Their riffs, based mainly around power chords, have a somehow clean-sounding fuzz to them, and their sparing use of solo-y stuff makes every such riff they do use feel totally valuable and genuinely gorgeous - see the intro of ‘Ladyfuzz’ following the dirgey, grungey plod of ‘I Hate Funerals’ (the latter of which is made up of chords both so creative and so satisfying you’ll want to hug them).
Only at the beginning of single ‘Stitches’ do their influences feel as if they’re pulling the music apart rather than working together, taking a few seconds for the song to decide what it’s going to be.
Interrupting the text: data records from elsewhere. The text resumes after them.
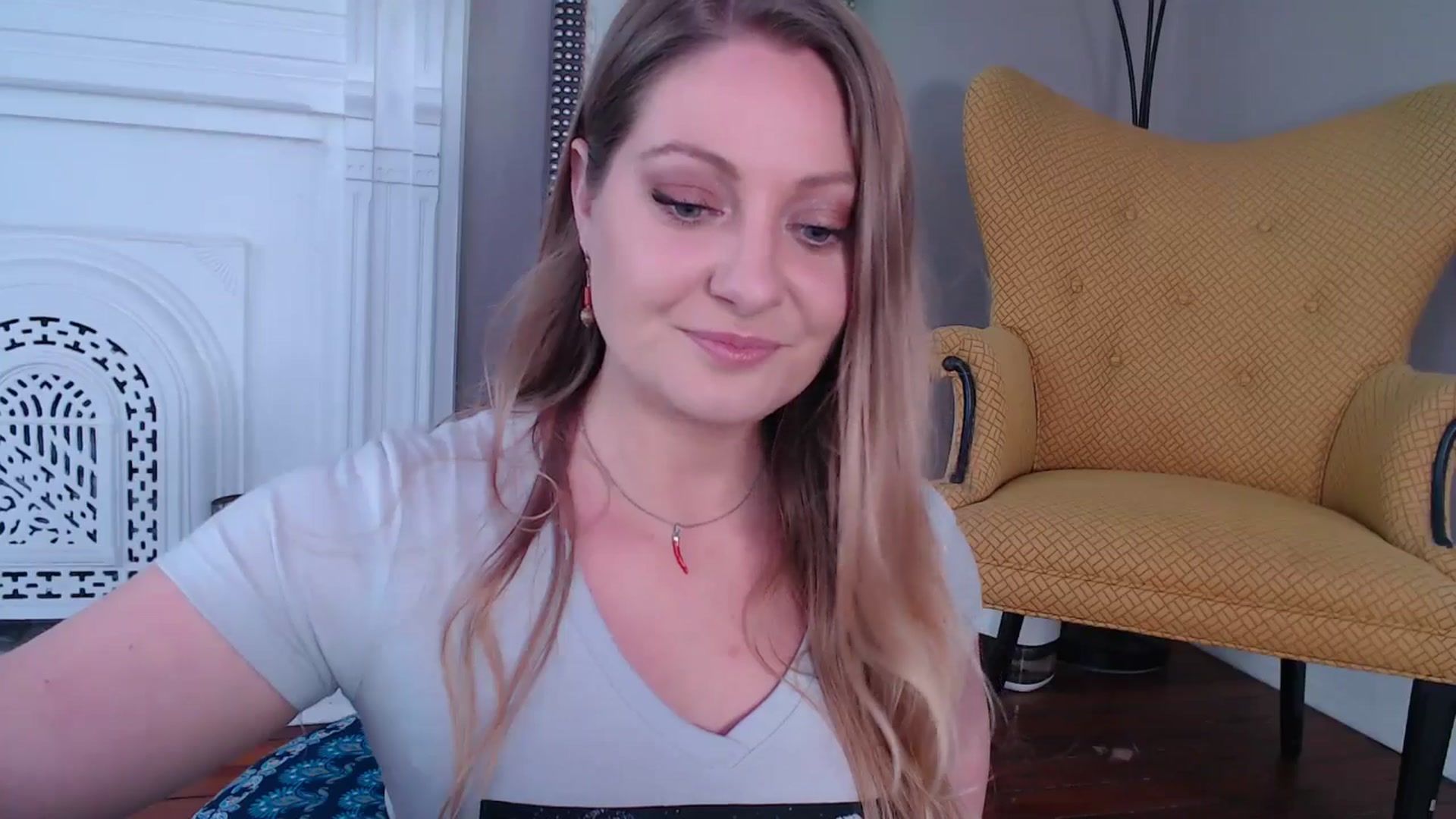 Gallery image thumbnail from VeronicaOMG's myfreecams stream on, 03/27/2025, 17:24 image 15 of 20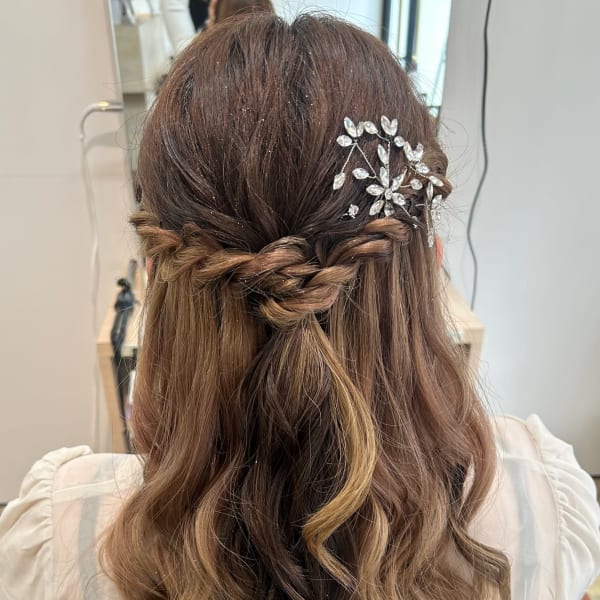 似合わせヘアセットハーフアップ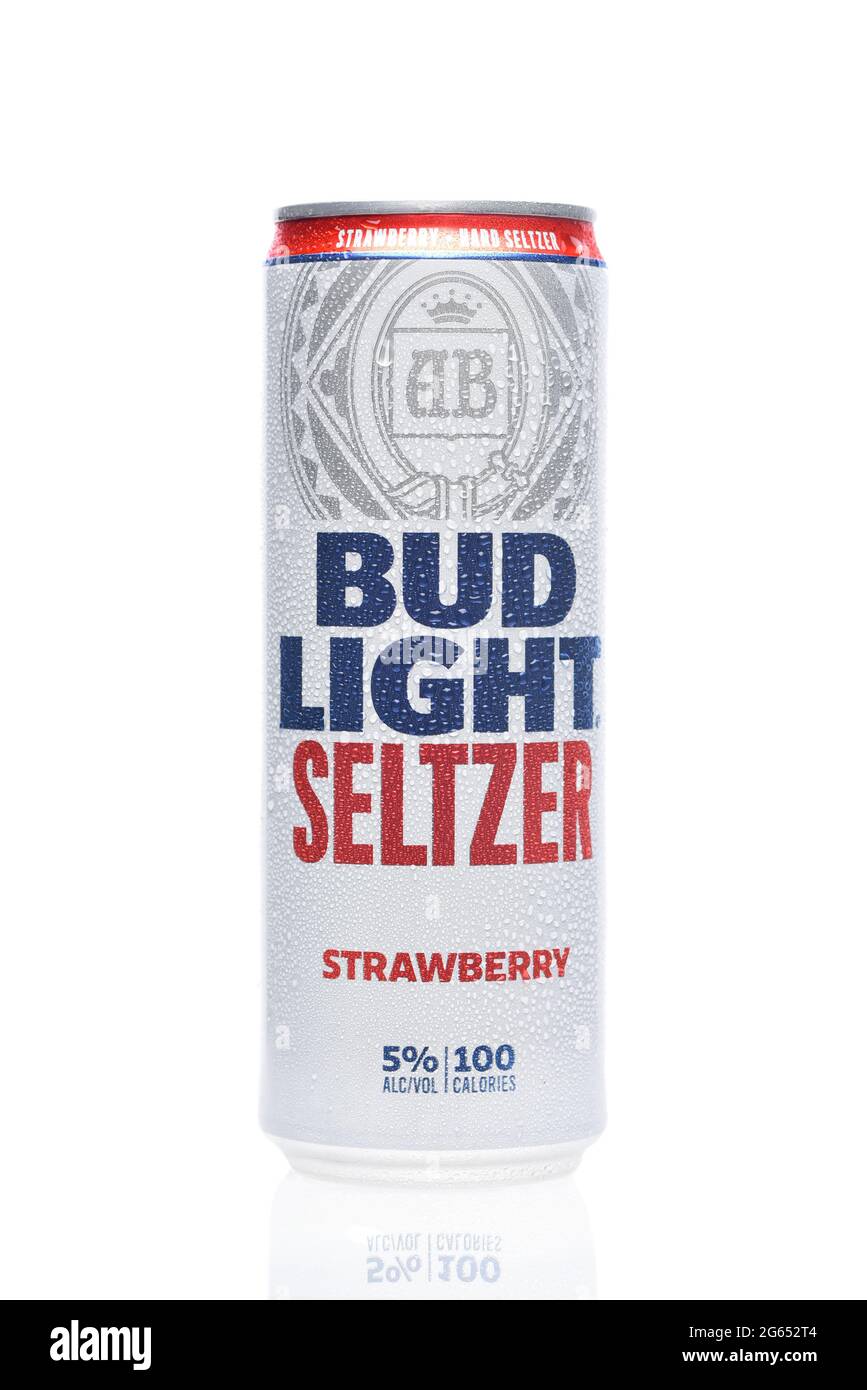 IRIVNE, CAIFORNIA - 2 JULY 2021: A can of Bud Light Seltzer Strawberry flavored alcoholic beverage. Stock Photo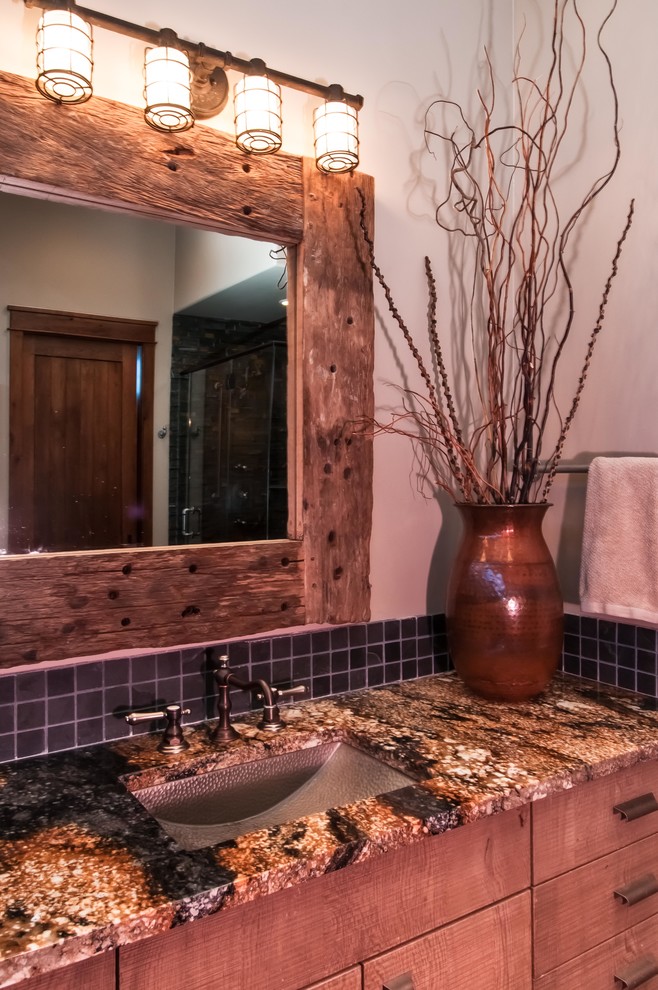 デンバーにあるインダストリアルスタイルのおしゃれな浴室の写真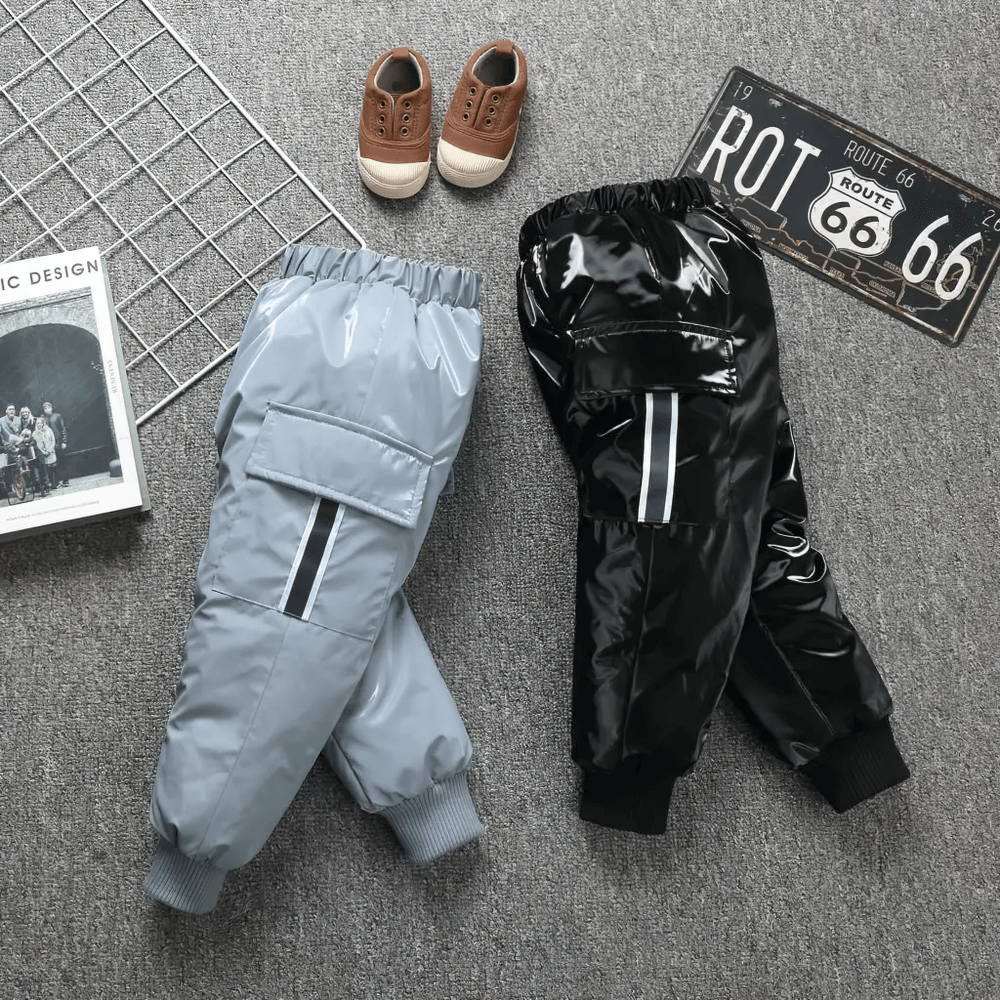 Kids Waterproof Cargo Pants with Down Insulation - SF3779 shown in grey and black for winter sports use.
And even then, it soon settles into itself, and the chorus is so perfect for the sad indie dancing that seems to be their total thing that you’ve forgotten all about the beginning of the song.
With their oft but varyingly used major sevens, a pensiveness pervades the album that’s perfect for just that kind of sad indie dancing too. Its plaintive quality is captured perfectly by Livingstone’s voice and melodies works perfectly for all of the album except ‘Black Coffee’. The idea feels like it was a good one, and it’s possibly their most direct discussion of depression here (the symbolism making it easier to broach as a subject), but unfortunately the tone of Sad is just too earnest for this type of punk humour that addresses mundane objects in second person as an ironic metonym. That said, the self-conscious melodrama of ‘I Hate Funerals’ feels like it works, and overall their tone totally suits their emotional yet considered sound.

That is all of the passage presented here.